U.S. Ambassador John Negroponte said Washington wants to add a number of items that Iraq has been trying to import to ensure that the list "is not exploited or utilized in any way by the government of Iraq to import items for military purpose under civilian guise."

He said that the items include atropine injectors and atropine, an antidote used in the event of exposure to nerve agents, which could be used "in a chemical warfare kind of situation" as well as jammers for global positioning equipment, radio intercept and direction finding equipment. Atropine is frequently used to resuscitate heart attack victims. Western diplomats said the Pentagon also wants to add Cipro, which is used to combat anthrax and smallpox.

Two weeks ago, administration officials said Iraq had imported significant quantities of atropine and obidoxime chloride over the last two years.

Under a new system adopted by the council in the summer to speed humanitarian deliveries, Iraq can purchase any humanitarian items except those that may have a possible military use.
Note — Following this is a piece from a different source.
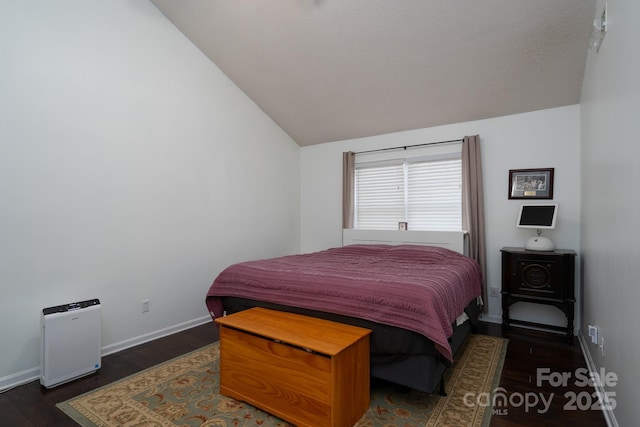 bedroom featuring dark hardwood / wood-style flooring, vaulted ceiling, and a textured ceiling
So-called dual-use items on a "goods review list" must be individually approved by the Security Council committee monitoring sanctions against Iraq.

Russia had pressed for a routine six-month extension and a 90-day review of the list, a position backed by a majority of council members. But Negroponte said the United States wanted a maximum 90-day extension and review.
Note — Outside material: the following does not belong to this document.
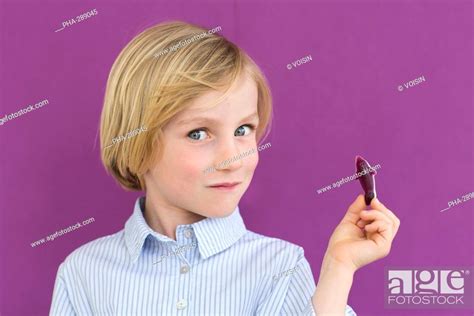 7 Year Old Boy Eating Sugary Sweet Stock Photo Picture And Rights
Negroponte said Washington was even willing to agree to a 30-day extension and review of the list -- but would not agree to a six-month extension until the list was revised.

Security Council experts had reached broad agreement late Friday on a draft resolution that would extend the humanitarian program for six months and review the list within 90 days. The procedures to implement the list would have been reviewed within six months.
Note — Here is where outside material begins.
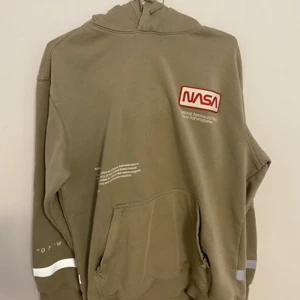NASA hoodie från H&M - Cool olivfärgad hoodie från H&M med NASA-logga på bröstet och amerikansk flagga på ärmen och reflex på nedre ryggen samt ärmar. Tryck 'National Aeronautics and Space Administration' finns på baksidan. Hoodien har en avslappnad passform, lite flagnat tryck (se sista bilden) övrig inga defekter!🌸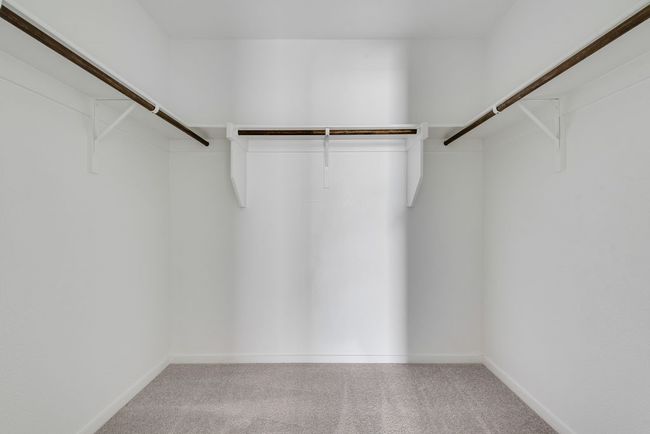 Walk in closet with carpet floors | Image 24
Norwegian Ambassador Ole Peter Kolby, who chairs the sanctions committee on Iraq, said he "was surprised" that disputes over the timetable and oil pricing -- which determines how much cash the Iraqis have to spend -- had come up at the last minute.

At the insistence of the United States and Britain, the United Nations has been setting the price of Iraqi oil at the end of every month -- rather than the beginning -- to prevent Iraq from taking advantage of fluctuations in the oil market and imposing an illegal surcharge.

Washington and London maintain the so-called retroactive pricing policy has worked ito cut illegal payoffs to Saddam Hussein's government, but U.N. officials and council members, including Russia and France, contend that it has also caused a sharp drop in exports which means fewer dollars for the humanitarian program.

In response to the U.S. demand Monday to quickly reopen the goods review list, France proposed that the oil pricing issue be addressed during the next phase of the oil-for-food program.